↓
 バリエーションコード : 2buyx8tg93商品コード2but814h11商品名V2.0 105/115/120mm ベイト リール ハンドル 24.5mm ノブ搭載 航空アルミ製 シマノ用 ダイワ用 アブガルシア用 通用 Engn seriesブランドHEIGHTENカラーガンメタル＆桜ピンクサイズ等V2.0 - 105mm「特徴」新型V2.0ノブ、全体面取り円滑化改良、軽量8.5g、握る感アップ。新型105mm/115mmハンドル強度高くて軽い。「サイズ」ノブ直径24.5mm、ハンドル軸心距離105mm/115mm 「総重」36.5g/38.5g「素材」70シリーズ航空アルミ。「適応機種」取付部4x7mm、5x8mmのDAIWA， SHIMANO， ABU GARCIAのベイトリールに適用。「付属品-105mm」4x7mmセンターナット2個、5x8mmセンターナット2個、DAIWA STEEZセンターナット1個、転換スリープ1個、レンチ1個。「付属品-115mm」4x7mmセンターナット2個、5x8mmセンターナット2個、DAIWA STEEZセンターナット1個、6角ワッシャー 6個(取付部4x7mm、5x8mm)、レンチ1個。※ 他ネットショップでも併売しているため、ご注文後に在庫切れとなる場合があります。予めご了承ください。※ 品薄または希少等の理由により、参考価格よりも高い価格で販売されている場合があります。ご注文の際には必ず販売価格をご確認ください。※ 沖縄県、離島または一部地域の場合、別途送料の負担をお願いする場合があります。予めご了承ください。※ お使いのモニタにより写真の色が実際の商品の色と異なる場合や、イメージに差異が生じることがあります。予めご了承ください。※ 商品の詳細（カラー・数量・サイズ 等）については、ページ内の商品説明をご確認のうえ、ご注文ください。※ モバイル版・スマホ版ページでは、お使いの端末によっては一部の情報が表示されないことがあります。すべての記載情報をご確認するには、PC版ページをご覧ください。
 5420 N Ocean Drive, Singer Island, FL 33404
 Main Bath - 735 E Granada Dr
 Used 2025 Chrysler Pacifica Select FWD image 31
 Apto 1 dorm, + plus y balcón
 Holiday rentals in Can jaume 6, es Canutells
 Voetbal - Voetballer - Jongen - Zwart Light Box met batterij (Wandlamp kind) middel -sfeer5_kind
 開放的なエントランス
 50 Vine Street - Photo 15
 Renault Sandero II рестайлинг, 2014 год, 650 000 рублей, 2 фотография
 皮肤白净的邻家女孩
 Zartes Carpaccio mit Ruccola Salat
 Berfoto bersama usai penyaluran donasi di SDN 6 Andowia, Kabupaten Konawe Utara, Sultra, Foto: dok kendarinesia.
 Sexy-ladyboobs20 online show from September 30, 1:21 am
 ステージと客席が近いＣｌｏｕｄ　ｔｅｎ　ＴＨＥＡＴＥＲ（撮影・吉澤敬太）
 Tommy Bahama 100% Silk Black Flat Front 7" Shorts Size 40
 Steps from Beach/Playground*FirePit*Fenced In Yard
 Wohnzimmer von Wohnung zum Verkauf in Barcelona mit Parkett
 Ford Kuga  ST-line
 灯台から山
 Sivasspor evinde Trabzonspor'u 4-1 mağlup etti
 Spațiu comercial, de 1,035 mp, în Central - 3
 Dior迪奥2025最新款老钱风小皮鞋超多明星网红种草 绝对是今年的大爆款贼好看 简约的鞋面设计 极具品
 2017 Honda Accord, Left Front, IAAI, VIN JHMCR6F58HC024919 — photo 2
↑
### Task prompt
Check each line of the entries above for the string "Front", and return those that contain it.

### Reply to the exercise
 Tommy Bahama 100% Silk Black Flat Front 7" Shorts Size 40
 2017 Honda Accord, Left Front, IAAI, VIN JHMCR6F58HC024919 — photo 2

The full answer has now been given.